Cost Reduction Program Ahead of Plan
Company reports visible cost reductions running ahead of plan; still targeting at least CHF 200 million of annualized gross savings by year-end 2026, with an estimated impact of at least CHF 100 million in 2026 and progress in Q1 representing just past ~50% of the implied CHF 50 million quarterly run-rate (roughly in the CHF ~30 million ballpark on a quarterly basis).
Sea Logistics: Sequential Profitability Recovery
Sea Logistics Q1 volumes declined 2% year-over-year, but Q1 EBIT improved sequentially by 7% to CHF 113 million and EBIT per TEU rose ~13% quarter-on-quarter; Sea conversion rate improved to 25% (from 23% in Q4).
Air Logistics: Stable Volumes and Improving Yields
Air Logistics volumes were flat year-over-year; average yields increased ~2% quarter-on-quarter; Q1 EBIT rose ~7% to CHF 111 million year-over-year excluding FX headwinds; conversion rate at 27% (vs 26% prior-year Q1).
Road Logistics Strong Growth
Road Logistics net turnover grew 9% year-over-year (5% organically excluding FX); EBIT rose sharply to CHF 25 million, a 42% improvement year-over-year (35% organic), reflecting demand recovery in Europe and the U.S.
Contract Logistics: Continued Share Gains and Profitability
Contract Logistics recurring EBIT of CHF 59 million (+4% YoY; +11% YoY excluding FX) with net turnover +5% YoY excluding currency effects; trailing 12-month ROCE stable at 25% (ex-exceptionals) and >30 new contracts in implementation.
Free Cash Flow and Conversion within Seasonal Expectations
Reported free cash flow of CHF 194 million in Q1 including CHF 105 million from a real estate sale; excluding proceeds, FCF was CHF 89 million.

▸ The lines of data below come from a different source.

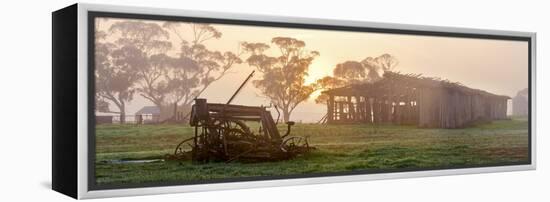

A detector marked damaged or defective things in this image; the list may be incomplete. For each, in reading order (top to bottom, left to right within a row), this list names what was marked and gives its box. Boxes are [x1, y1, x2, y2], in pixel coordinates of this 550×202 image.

rusty farm machinery [168, 71, 314, 163] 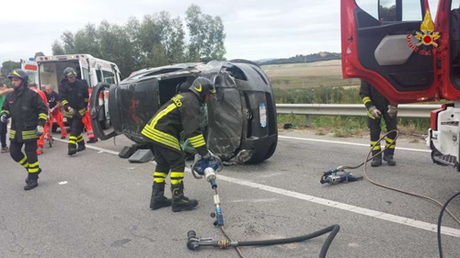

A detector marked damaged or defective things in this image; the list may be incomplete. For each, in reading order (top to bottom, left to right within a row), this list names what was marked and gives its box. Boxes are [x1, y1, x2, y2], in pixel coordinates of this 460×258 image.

overturned car [90, 60, 276, 163] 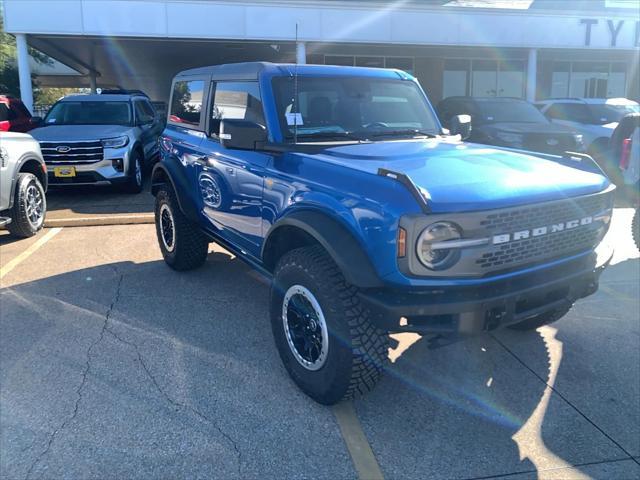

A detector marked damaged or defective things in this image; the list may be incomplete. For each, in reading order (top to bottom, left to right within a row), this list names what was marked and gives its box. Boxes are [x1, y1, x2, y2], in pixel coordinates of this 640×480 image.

crack in pavement [23, 272, 124, 478]
crack in pavement [104, 324, 244, 478] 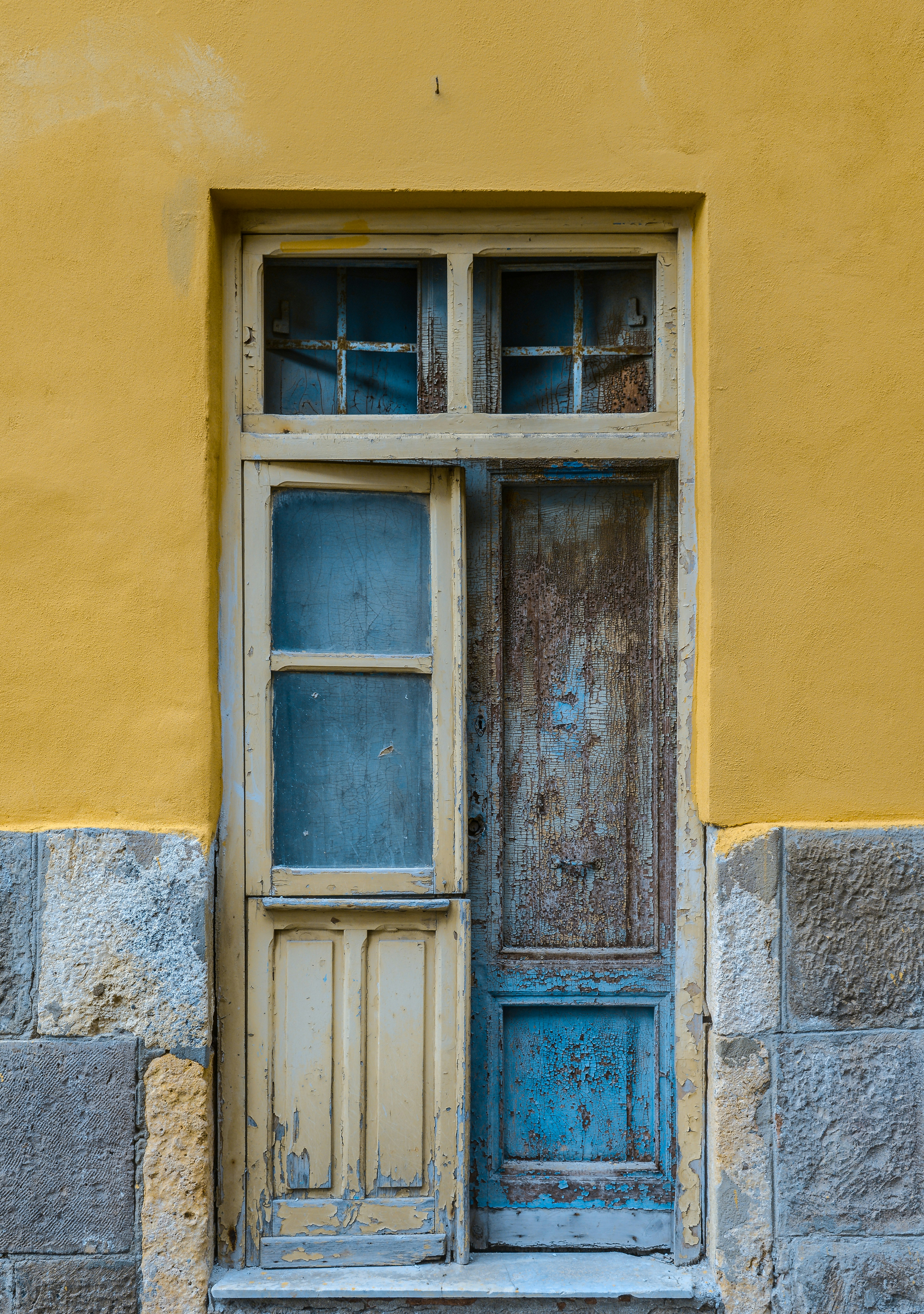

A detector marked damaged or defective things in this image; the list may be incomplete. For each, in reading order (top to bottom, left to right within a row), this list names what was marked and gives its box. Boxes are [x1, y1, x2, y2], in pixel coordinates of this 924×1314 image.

blue peeling paint door [470, 462, 678, 1251]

Underlying free cash flow conversion was 40% in Q1, considered in line with seasonality for the weakest quarter.
Operational Positioning and Capacity Mitigations
Management highlighted proactive measures to mitigate capacity/fuel risks (charter capacity, block-space agreements, re-routing, transparency on fuel adders) and ongoing AI adoption expected to deliver productivity gains from 2027 onwards.